Komnata może znajdować się na terenie mazurskiego lasu. Po dokładnych badaniach okaże się, czy oddziela nas od niej gruba warstwa betonu.
Na terenie wsi Mamerki znaleziono podziemne pomieszczenie. Specjaliści ponownie przeczesali bunkry Wehrmahtu i odkryli, że jedno pomieszczenie zostało pominięte w poprzednich badaniach. Za rekonesansem stoi grupa kanadyjskich filmowców, którzy kręcą program o skarbach III Rzeszy i przyjechali do Polski zaciekawieni poprzednimi badaniami.
Pracę wykonała firma specjalizująca się w badaniu zbrojonych struktur betonowych. Dokładne badania i doświadczenie firmy pozwoliło na wycięcie anomalii i odnalezienie ukrytego pomieszczenia niedaleko odwiertów z ubiegłego roku - powiedział "Gazecie Olsztyńskiej" Bartłomiej Plebańczyk z Muzeum w Mamerkach.
Do pokoju nie można dotrzeć, więc badacze zdecydowali się na wywiercenie otworu. Potem naukowcy wpuszczą tam sondę i rozstrzygną domniemania na temat ukrycia Bursztynowej Komnaty w mazurskich lasach. Odwiert ma odbyć się na początku lipca. Poszukiwacze mówią, że będzie to prawdopodobnie ostatnia próba wykonana w tym systemie bunkrów.

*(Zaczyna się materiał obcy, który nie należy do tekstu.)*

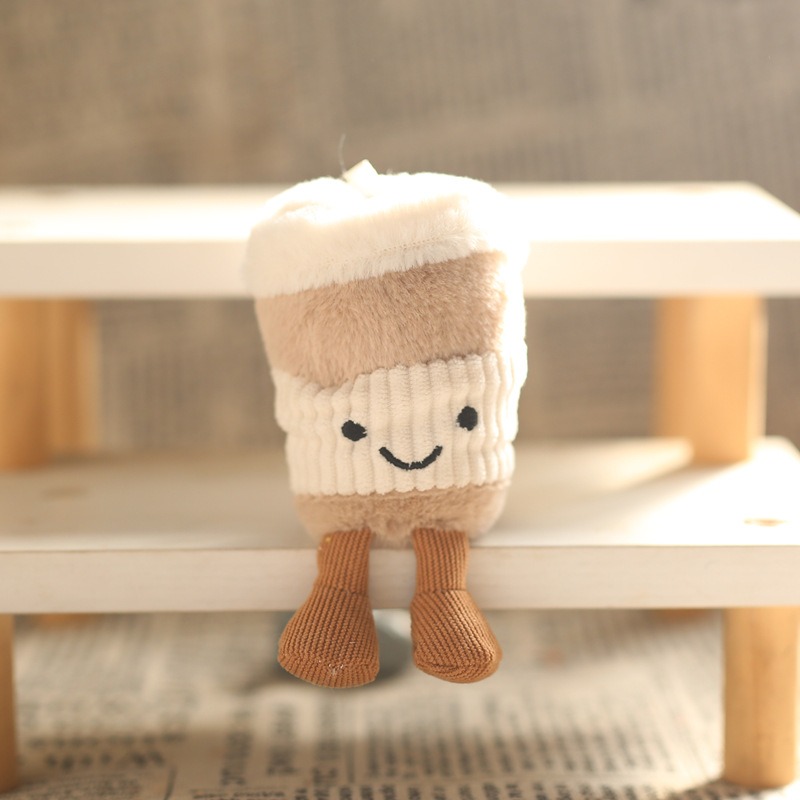 12cm Creative Funny Keychain Bubble Plushie Coffee Cup Super Soft Stuffed Animal for Bag Backpack Fluffy Pendants 8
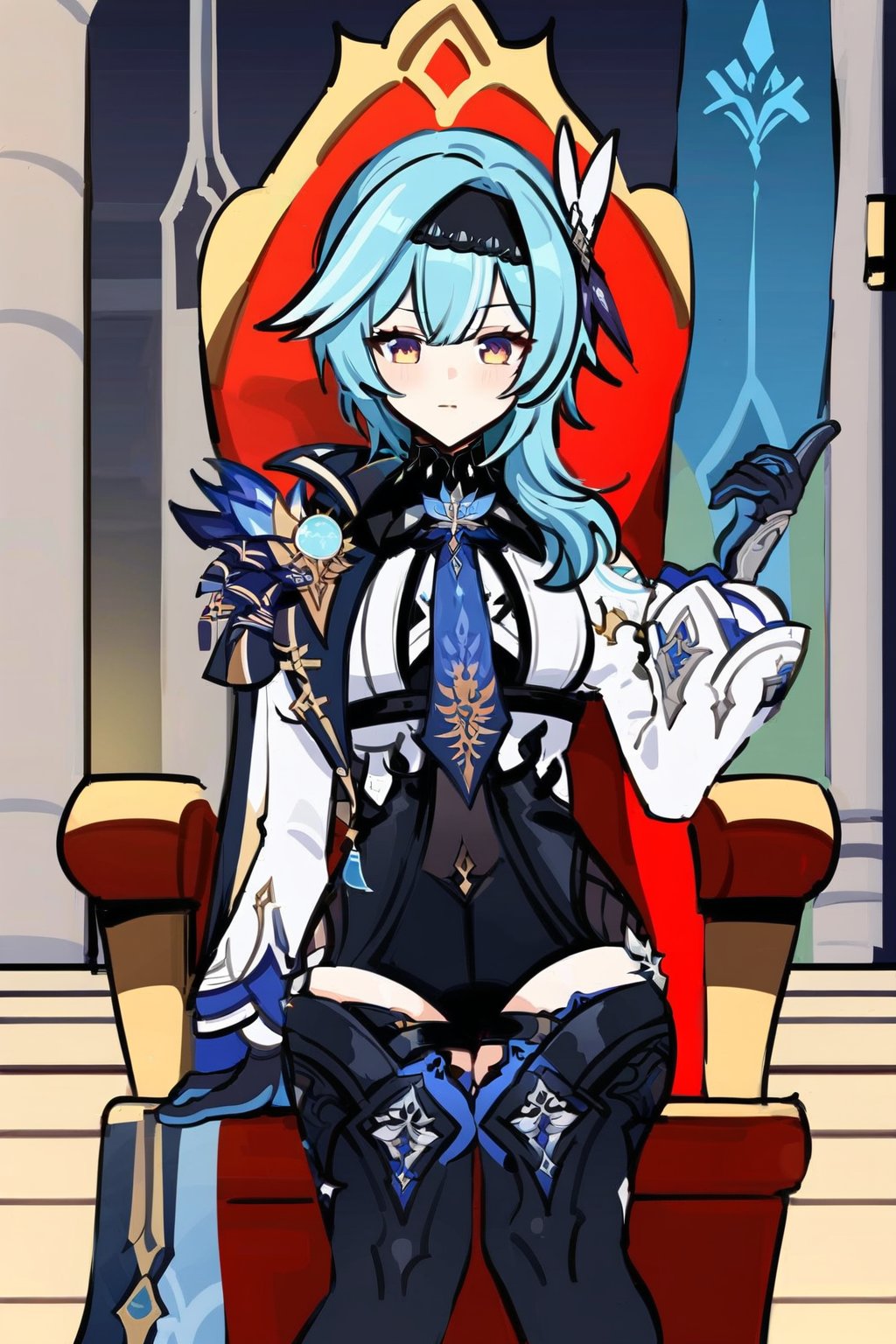 Prompt: Eula of genshin impact,looking at the camera sitting on a throne, with a castle in the background,eula (genshin impact), hairband, blue hair, multicolored eyes, necktie, cape, vision \(genshin impact\), leotard, long sleeves, gloves, sidelocks, black thighhighs,,
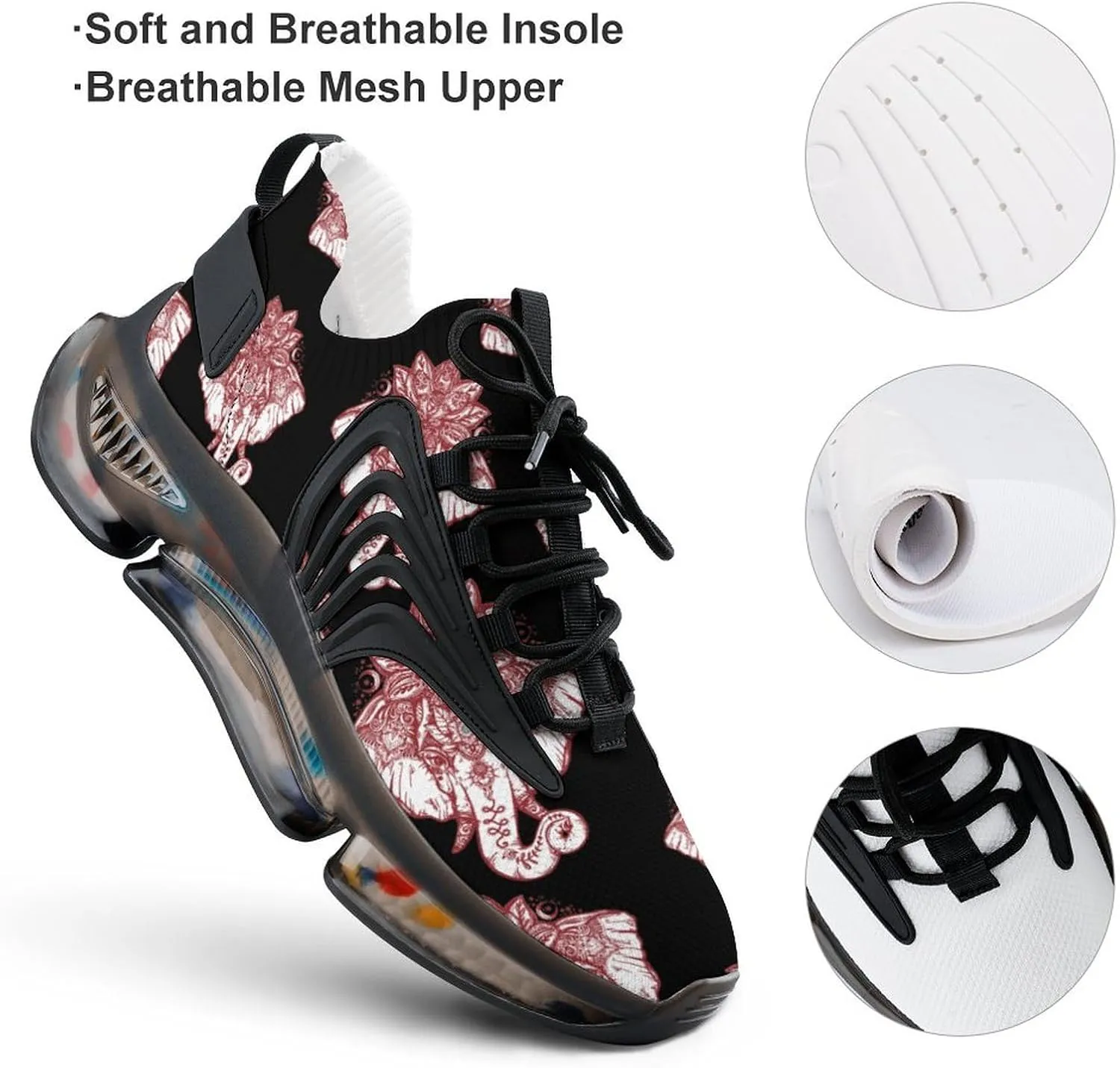 Yoga Elephant with Plant Walking Shoes for Men Lightweight Tennis Fashion Elastic Sports Shoes Cushion Basketball Shoes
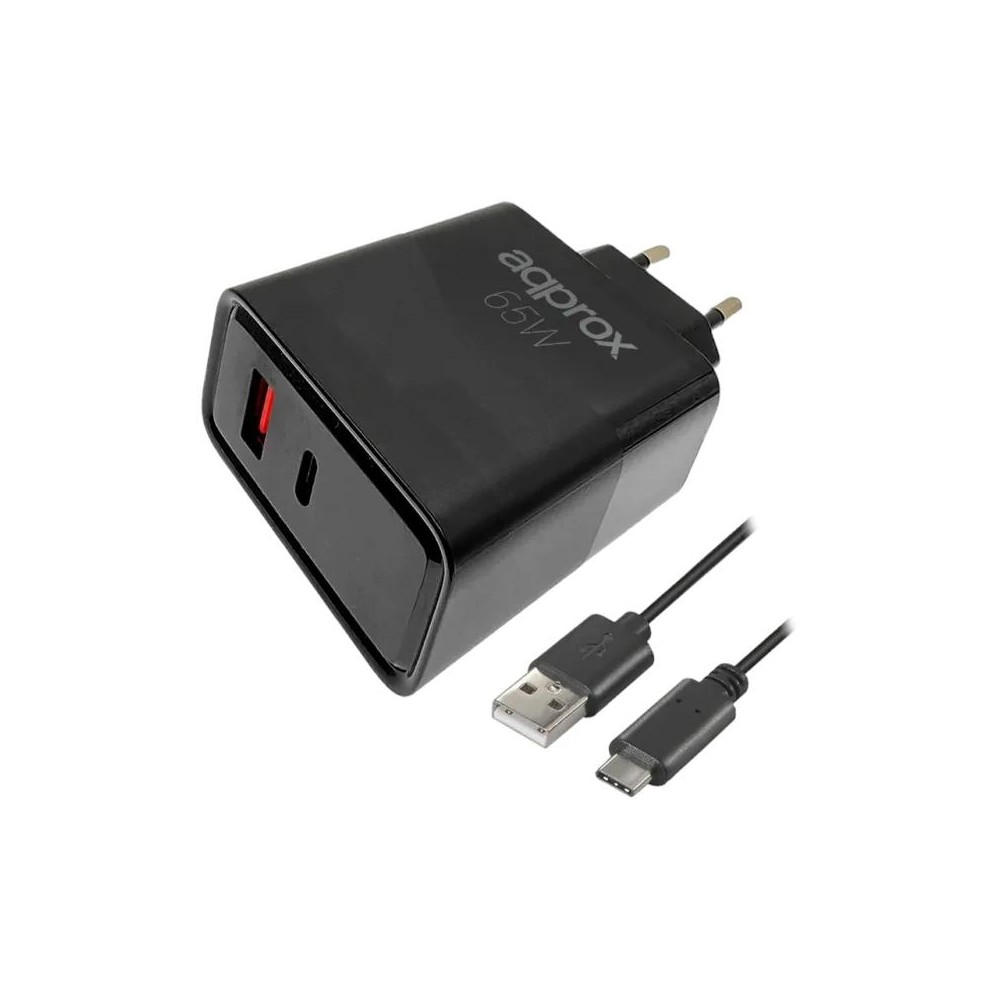 Approx cargador 65w qc 1 x usb a+ 1 x usb c+cable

*Poszukiwania Bursztynowej Komnaty trwają od lat 50. *Wtedy do jednostki wojskowej w pobliskim Węgorzewie zgłosił się człowiek, który podczas II wojny światowej był przez Niemców zatrudniony jako stróż. Poinformował dowództwo o transporcie, który pojawił się zimą na przełomie 1944 i 1945 roku. Podobno był otoczony specjalnym nadzorem. Mężczyzna twierdził, że skrzynie, które przyjechały transportem, zostały umieszczone w bunkrze, a wejście do niego zamurowano.